Botanist Perry Daniel Strausbaugh (March 21, 1886-May 3, 1965) graduated with honors from Wooster (Ohio) College in 1913. In 1920, he received his Ph.D. from the University of Chicago. While a student, he supported himself by teaching at primary and secondary schools. He taught at Wooster College from 1913 to 1923. In 1923, Strausbaugh became head of the department of botany at West Virginia University. He retired in 1948.
Strausbaugh’s first challenge at WVU was to reestablish the university herbarium, which he considered essential to the study of botany. WVU’s plant collection had been put into storage in 1892. Strausbaugh and his colleagues spent the summer of 1924 collecting, mounting, and filing the nucleus of a new collection.

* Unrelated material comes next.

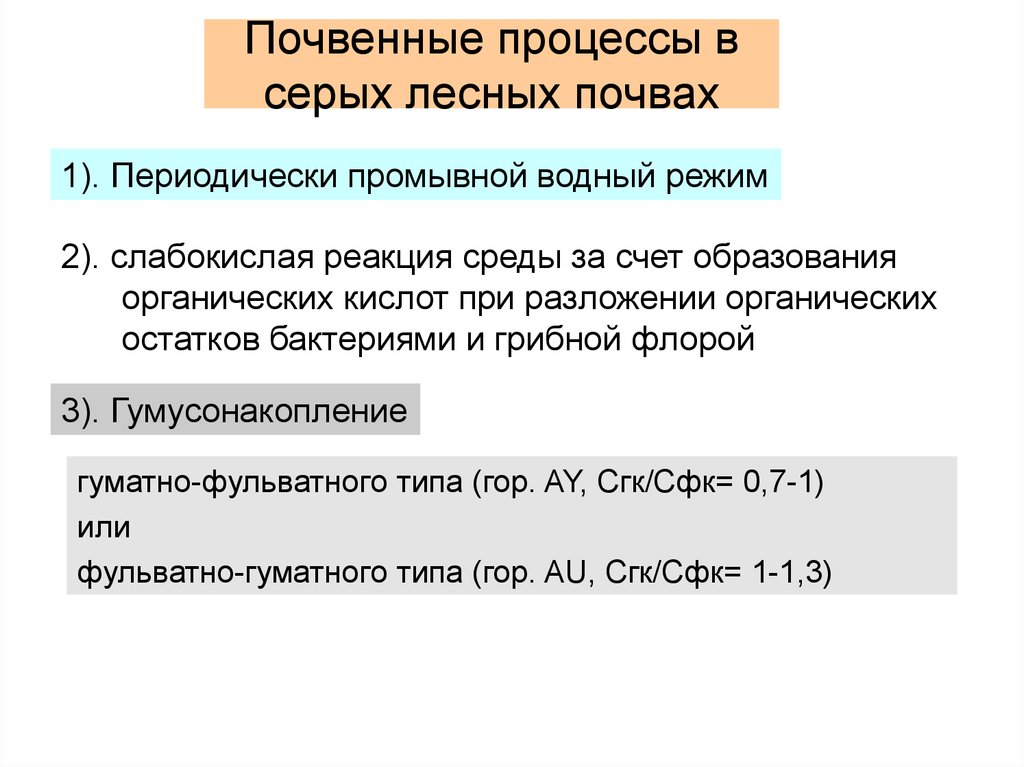 Периодичный 1. Процессы в серых лесных почвах. Тип водного режима на серых лесных почвах. Периодически промывной Водный режим. Периодически промывной Тип водного режима почв.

In 1926, Strausbaugh initiated a summer field course (perhaps the first of its kind) called the botanical expedition. These summer-long excursions, renamed biological expeditions two years later when zoological studies were added, took students all around the state on an extended camping and collecting trip. Students studied plant and animal life and collected specimens for the university’s herbarium and zoological collections. The expeditions continued until 1952.
Strausbaugh’s most lasting legacy is the book, Flora of West Virginia, co-authored with his former student, Earl Core, and published in four parts from 1952 to 1964.
Strausbaugh, P. D. & Earl L. Core. Flora of West Virginia. Morgantown: 1964, Second edition, 4 vols. Morgantown: West Virginia University, 1970-77.